After mixing, filter the solution through a 0.2 micrometer filter. Separate the muscle tissue into aliquots, each containing 20 milligrams of muscle. Add one milliliter of the prepared buffer to each aliquot for enzymatic dissociation and incubate.
Prepare and label new 1.5 milliliter microcentrifuge tubes. Set up a 0.45 micrometer filter by removing the plunger from a five-milliliter syringe. Screw the syringe hub into the top end of the 0.45 micrometer filter and position the bottom end of the filter into a labeled microcentrifuge tube.

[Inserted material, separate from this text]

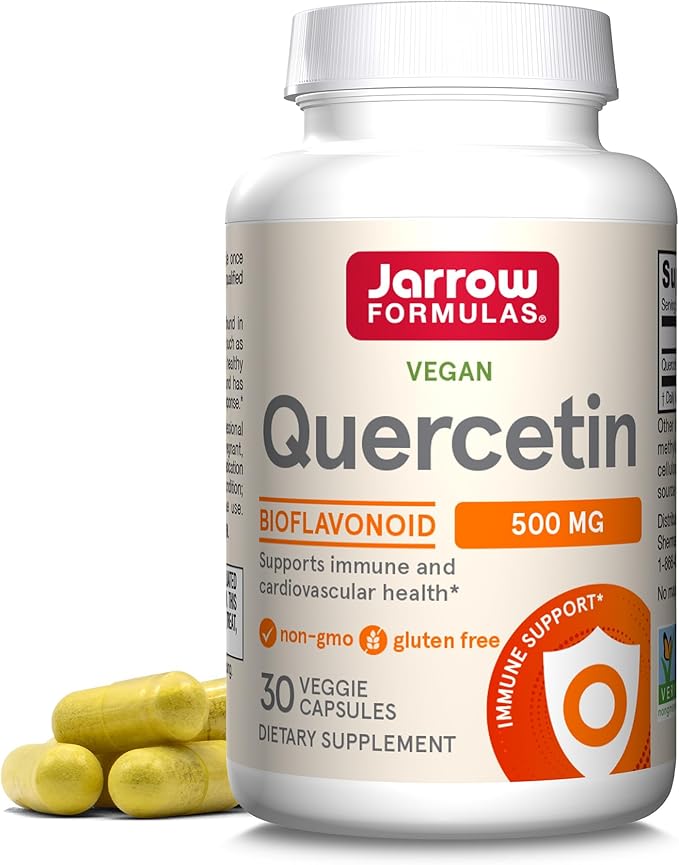 Jarrow Formulas Quercetin 500mg Capsules - 30 Veggie Caps - Supports Antioxidant Status, Cardiovascular Health & Immune Health - 30 Servings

Then, centrifuge the mixture for 10 minutes at 1000 G and four degrees Celsius to pellet debris. Use a P-200 micropipette to transfer the supernatant into the syringe. After reinserting the plunger into the syringe, slowly push the supernatant through the filter, allowing it to collect in the labeled 1.5 milliliter microcentrifuge tube.
Remove the syringe plunger again. Using a P-200 micropipette, add approximately 200 microliters of PBS into the syringe. Reinsert the plunger and slowly push the 200 microliters of PBS through the filter to flush any remaining supernatant into the labeled microcentrifuge tube.
Transfer the filtered solution to new 1.5 milliliter microcentrifuge tubes, suitable for speeds up to 200, 000 G.After closing the tubes, place them in the rotor of the micro ultracentrifuge to ensure they are balanced. Turn on the micro ultracentrifuge and set it to run for one hour at 100, 000 G and four degrees Celsius. Place the loaded rotor with the tubes inside the micro ultracentrifuge.
Close the lid and turn on the vacuum to initiate the process. Once the vacuum reaches level two, press the start button and wait for the centrifugation process to complete. After the centrifugation cycle is complete, click the vacuum button to repressurize the chamber before removing the rotor and tubes.
Carefully remove the supernatant from each tube using a P-200 micropipette. Then, use the same P-200 micropipette to add 50 microliters of PBS to each tube.